Usually, when I travel abroad for courses, I have a flat of my own. There was the one in Ljubljana this summer, where I broke both beds. There was the one in Russia, on the 17th floor, where I had sporadic access to water and a pillow that disgorged feathers into my mouth every night. There was the one in Strasbourg, with the malfunctioning electric toilet and elusive young landlord, and there was the one the first time I was in Ljubljana, with the wardrobe full of climbing harnesses and the Vaseline in the fridge.
When I was negotiating my fee for this course, the only one of my requests that was refused was for an apartment of my own. I was asked if I would be willing to share an apartment with my co-tutor. I don’t really like living with people, but she’s lovely, so I was OK with that. The apartment was to be the ground floor of my boss’s house, and we were told it was 20 minutes from school, that we would have our own separate entrance, our own bedrooms, wifi, a washing machine and dryer and so forth. At first, we stood our ground, insisting that we should be based near the school and that we would have our own place, but the boss pleaded with us. It is the school’s first time running this course and they were worried about costs and the flat at the owner’s place was really amazing and please, please, please would we take it. We cracked and said yes.
You have no idea how much we have regretted this.
As we neared the house, my colleague whispered to me that we were in the middle of nowhere. In fact, we were on the outskirts of nowhere. On the side of a mountain, at the edge of a village no one has ever heard of, which is outside a town no one has ever heard of. We were pulling into the driveway as the owner cheerily said, “I hope you don’t mind dogs!” I do. Especially big dogs. There were two enormous black dogs that leapt at the car as we parked. They were awfully excited. And really, really big. They had teeth and they barked and they appeared to be very friendly. If you don’t like dogs, then you really don’t like friendly dogs. The pant and lick and nuzzle and look for attention and all I see is my own fear of death reflected in their big dopey, friendly eyes.
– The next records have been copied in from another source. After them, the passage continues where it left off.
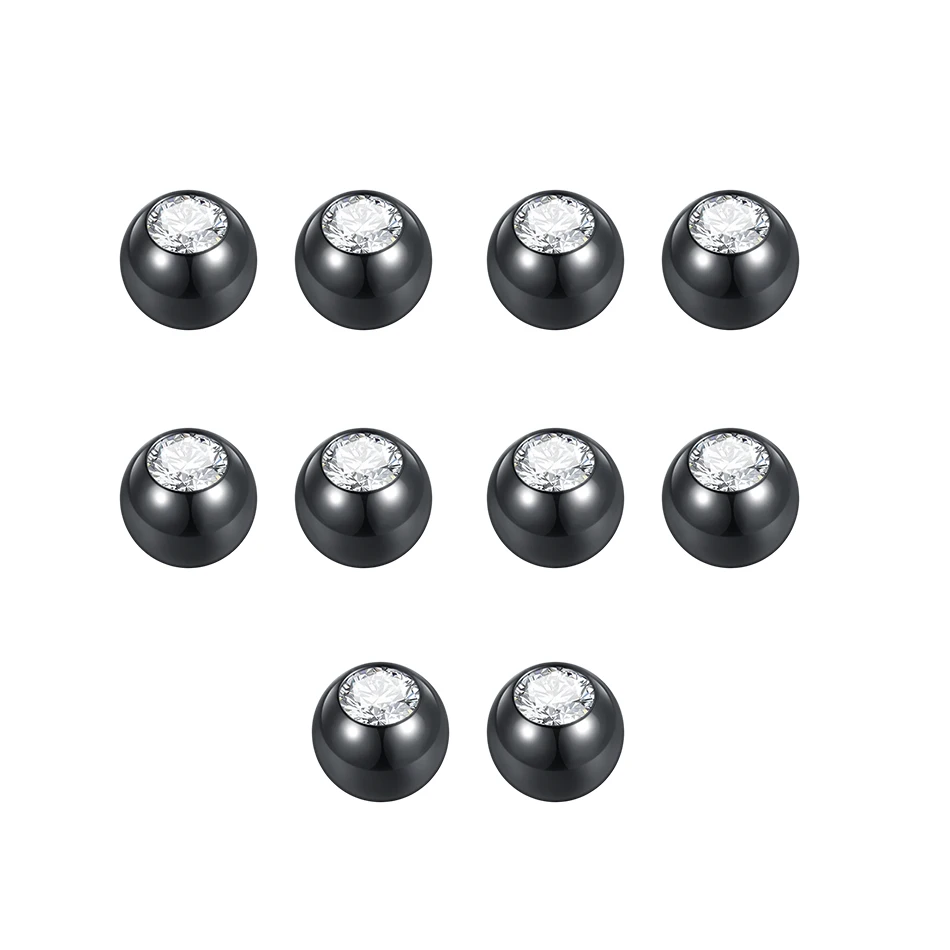 10Pcs Steel Piercing Balls CZ Gem Labret Tongue Ear Belly Eyebrow Piercing Replacement Attachment 16G 14G DIY Body Jewelry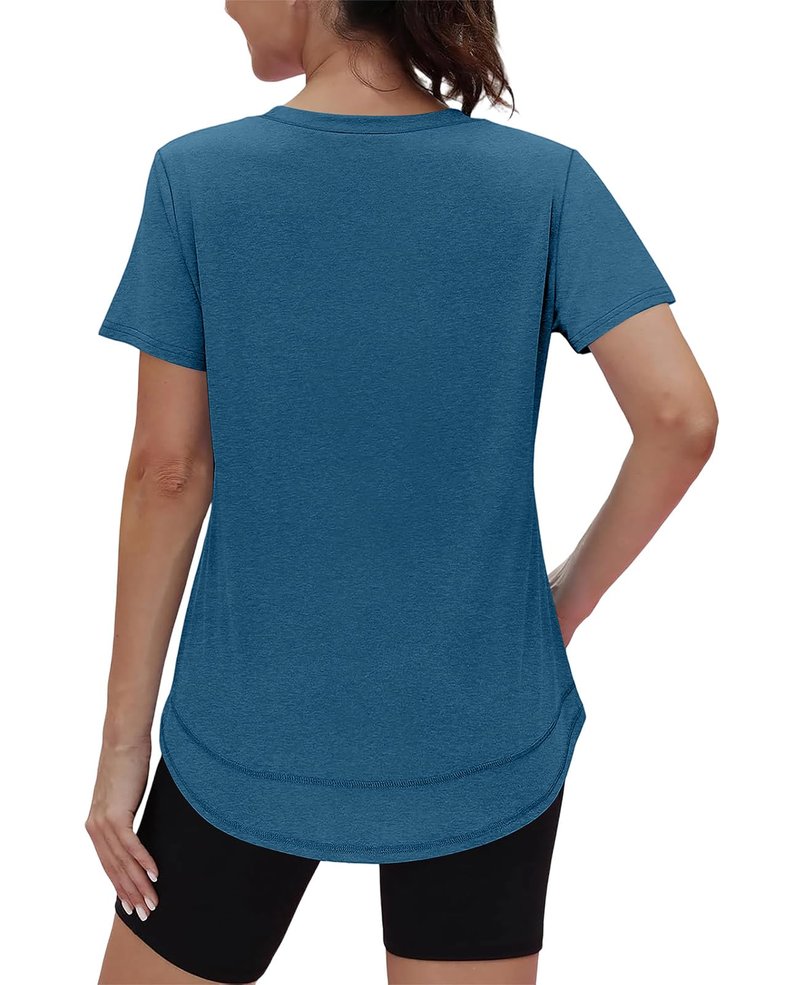 Workout Tops for Women Spring Summer Short Sleeve Golf Outfits Gym Essentials Activewear Running Shirts V Neck Blue Green S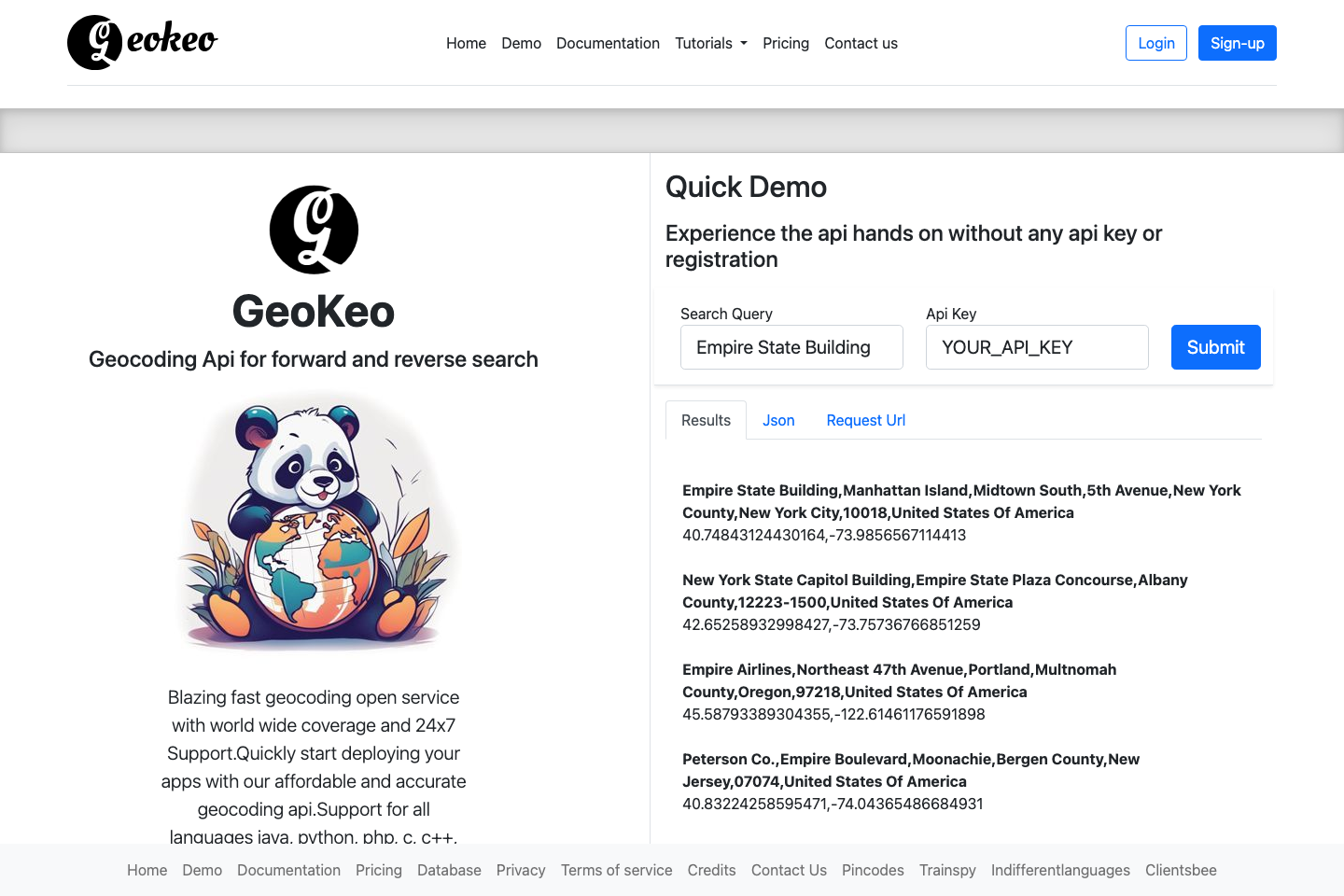 Geokeo documentation page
The owner cheerily told us that they’d been too lazy to move everything around, so she (our employer, the owner of the school where we were working) and her family would be living in the little basement flat, while my friend and I would have the main house. Hmm.
We saw where we’d be living. I really can’t describe how odd it is. We have a really large kitchen to ourselves. A big bathroom. A big living room. And it’s entirely full of the owner’s family’s stuff. Bursting with 25 years of possessions. Everywhere. It was clear that the family had left the place in a hurry and hadn’t cleared everything out. There’s tooth floss above the kitchen sink. Cupboards full of ware and dried goods. A drinks cabinet. Knick knacks everywhere. The bathroom is like Pompeii, in that the family seem to have been interrupted using it all of a sudden. It is brimming with open and half empty bottles of lotions, potions, shampoos and mucus sprays. There’s a lone nylon pop sock hanging from my bedroom table.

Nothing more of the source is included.